Token BucketSliding WindowFixed WindowLeaky BucketRedisCircuit Breaker429

Rate Limiting & Throttling

Protecting your system from overload, abuse, and unfair usage. Algorithms, distributed limiting with Redis, and circuit breakers.

40 min read9 sections

Why Rate Limiting at the Gateway

Rate limiting at the gateway protects your entire system from a single enforcement point. Without it, a single misbehaving client can overwhelm your backends, degrade service for everyone, and potentially cause cascading failures across your microservices.

Why Rate Limit at the Gateway

✅Fair usage — prevent one client from consuming all capacity
✅Backend protection — reject excess traffic before it reaches services
✅Cost control — limit expensive operations (AI inference, third-party API calls)
✅DDoS first line — absorb volumetric attacks at the edge
✅Monetization — enforce plan-based limits (free: 100 req/min, pro: 10,000 req/min)

🚰

The Water Treatment Plant

Rate limiting is like a water treatment plant's intake valve. No matter how much water flows from the river (incoming requests), the valve controls how much enters the system. Without it, a flood (traffic spike) overwhelms the treatment capacity (backend services) and nothing works properly. The valve protects the entire downstream system.
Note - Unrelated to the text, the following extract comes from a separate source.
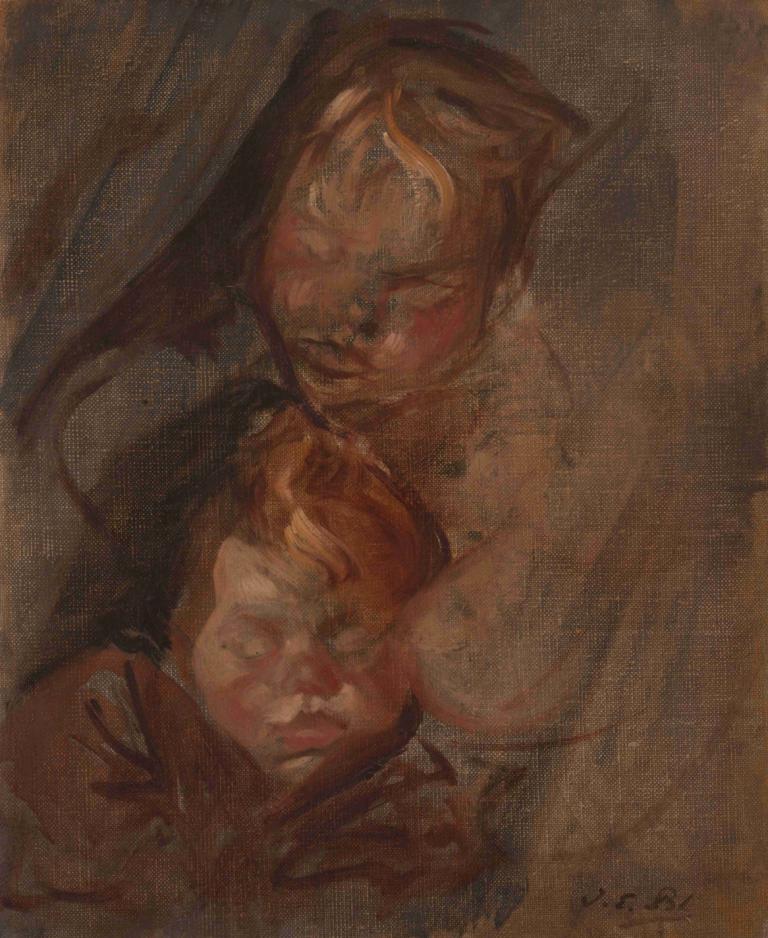 Têtes d'enfants,Jacques-Émile Blanche,Oil Painting,Oil Painting, male focus, 1boy, multiple boys, solo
Rate Limiting is Not Optional

Every public API needs rate limiting. Even internal APIs benefit from it. Without rate limiting: a bug in one client can DDoS your system, a retry storm after a partial outage can prevent recovery, and you have no way to prioritize traffic during degraded conditions. It's a safety mechanism, not a feature.

Rate Limiting Dimensions

Rate limits can be applied along multiple dimensions simultaneously. The key is choosing the right identifier — what uniquely identifies the entity you want to limit.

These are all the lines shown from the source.